## Task brief
Reproduce the records below in full and word for word, excluding pictures.
*** Records to use Section Begins ***
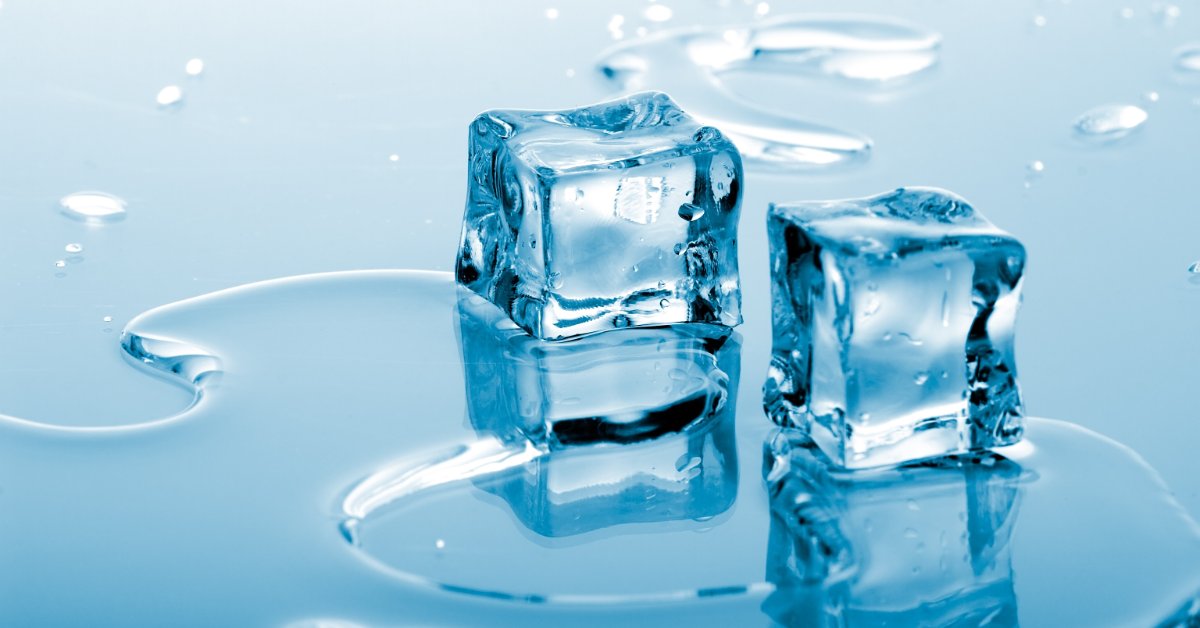 Two melting ice cubes sit in a shallow pool of water as smaller ice pieces blur across the cool blue background.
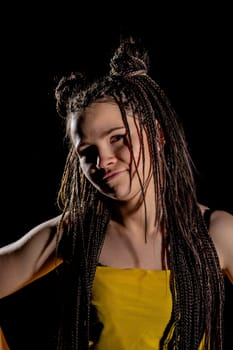 A stylish and fashionable model elegantly showcases a striking and eyecatching hairstyle against a dark backdrop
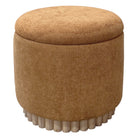 Round brown ottoman with textured surface on a white background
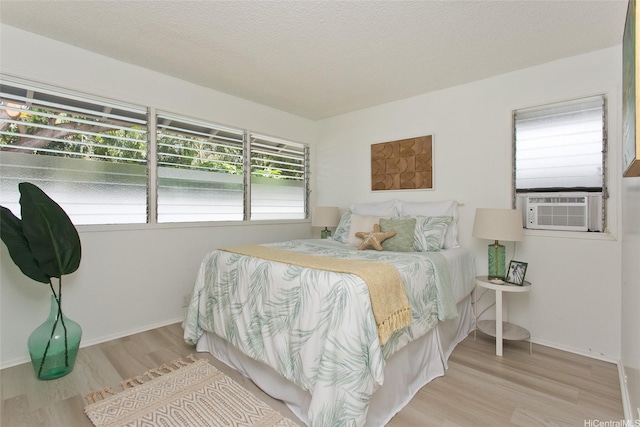 1334 Kuuna St, Kailua, HI 96734 - bedroom with wood finished floors, baseboards, and cooling unit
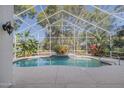 Enjoy the outdoors with a private screened-in pool area, lush greenery, and a sparkling pool at 3601 Galway Ln, Ormond Beach, FL 32174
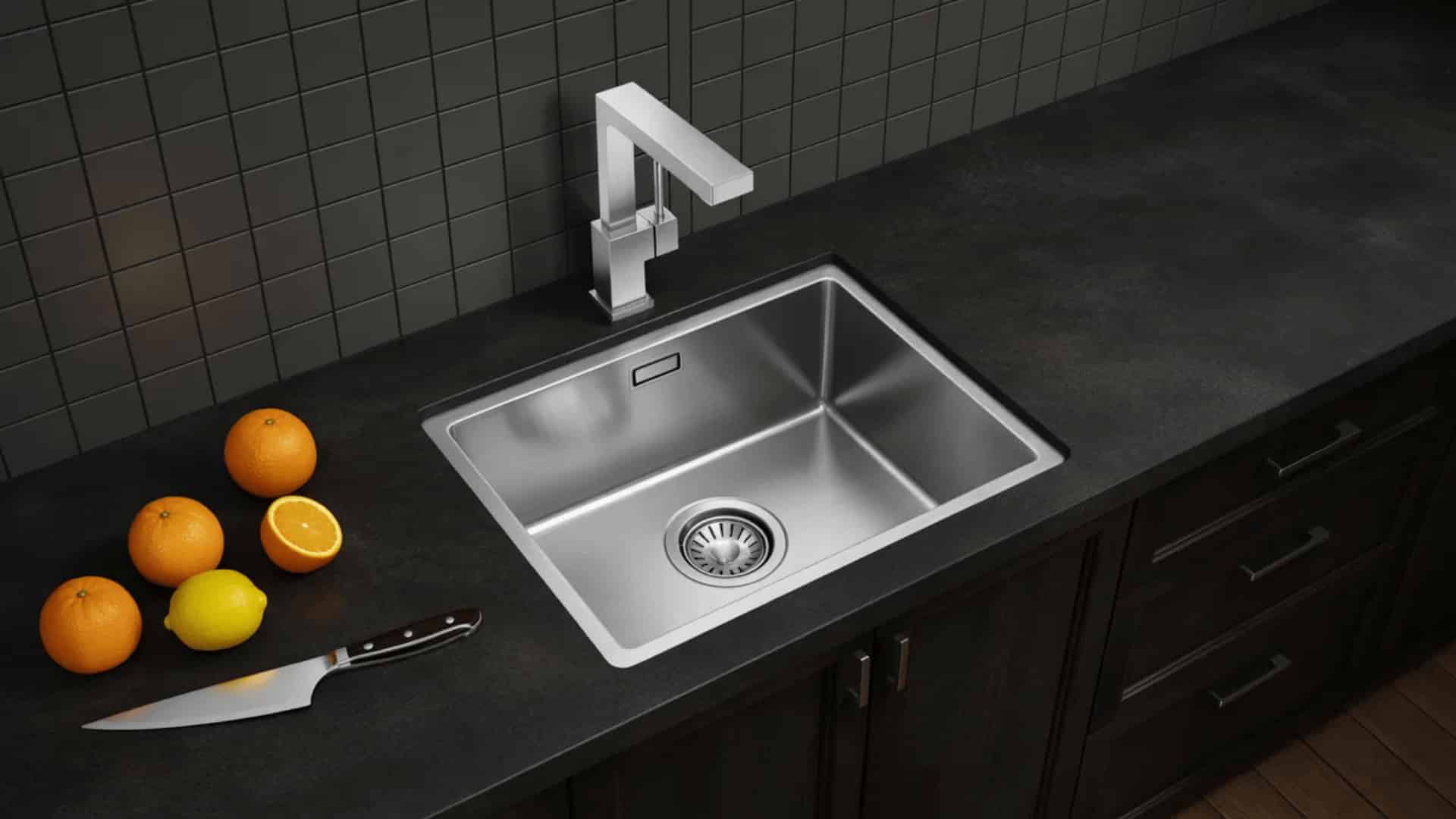 square stainless steel flush mount sink level with black granite countertop, angular chrome faucet and dark gray tile backsplash
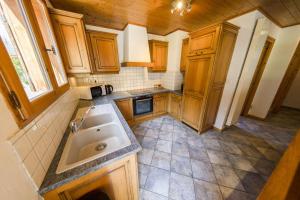 a kitchen with wooden cabinets and a sink at Hauts forts Prodains Avoriaz - Mountain Voyages in Morzine
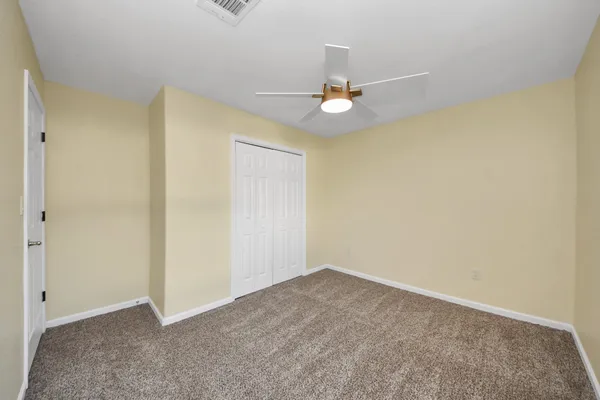 an empty room with a ceiling fan and a window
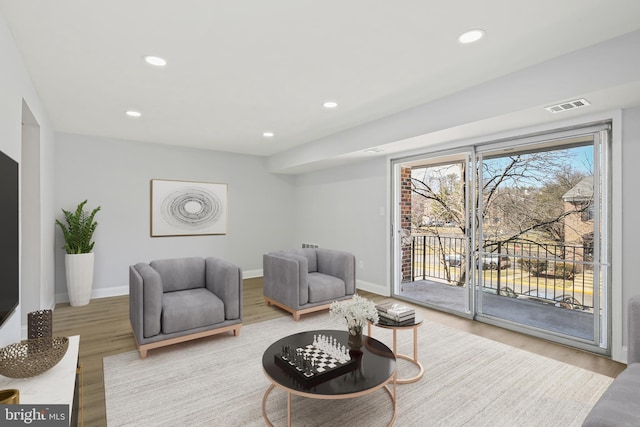 living area featuring recessed lighting, visible vents, baseboards, and wood finished floors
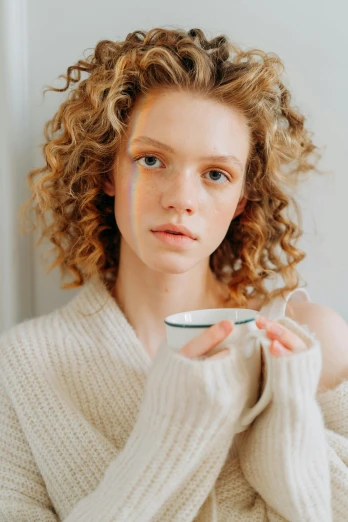 a woman holding a cup in front of her face, by Annabel Eyres, trending on pexels, renaissance, pale skin curly blond hair, wearing turtleneck, photo for a magazine, pensive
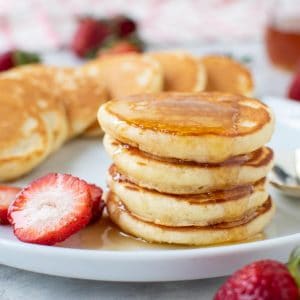 close up of four mini pancakes stacked on a white plate with syrup dripping off and more pancakes and strawberries around.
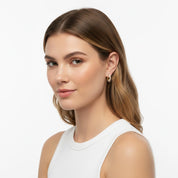 A woman with light brown hair wearing a delicate gold hoop earring, shown from the chest up against a clean white background.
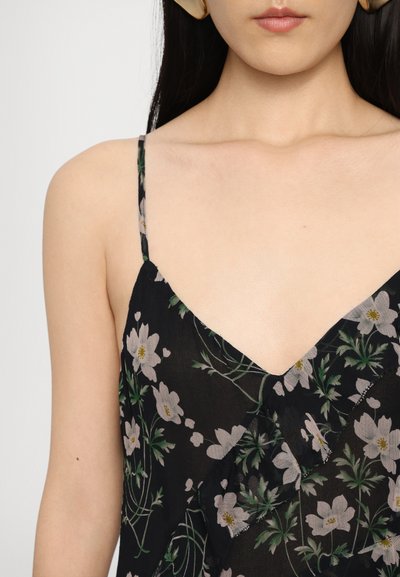 Robe noire à fleurs avec des bretelles fines, présentant un décolleté en V et de délicats motifs de fleurs pastel sur un fond noir. Tissu doux et léger.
*** Records to use Section Ends ***
## Answer to this problem
 Two melting ice cubes sit in a shallow pool of water as smaller ice pieces blur across the cool blue background.
 A stylish and fashionable model elegantly showcases a striking and eyecatching hairstyle against a dark backdrop
 Round brown ottoman with textured surface on a white background
 1334 Kuuna St, Kailua, HI 96734 - bedroom with wood finished floors, baseboards, and cooling unit
 Enjoy the outdoors with a private screened-in pool area, lush greenery, and a sparkling pool at 3601 Galway Ln, Ormond Beach, FL 32174
 square stainless steel flush mount sink level with black granite countertop, angular chrome faucet and dark gray tile backsplash
 a kitchen with wooden cabinets and a sink at Hauts forts Prodains Avoriaz - Mountain Voyages in Morzine
 an empty room with a ceiling fan and a window
 living area featuring recessed lighting, visible vents, baseboards, and wood finished floors
 a woman holding a cup in front of her face, by Annabel Eyres, trending on pexels, renaissance, pale skin curly blond hair, wearing turtleneck, photo for a magazine, pensive
 close up of four mini pancakes stacked on a white plate with syrup dripping off and more pancakes and strawberries around.
 A woman with light brown hair wearing a delicate gold hoop earring, shown from the chest up against a clean white background.
 Robe noire à fleurs avec des bretelles fines, présentant un décolleté en V et de délicats motifs de fleurs pastel sur un fond noir. Tissu doux et léger.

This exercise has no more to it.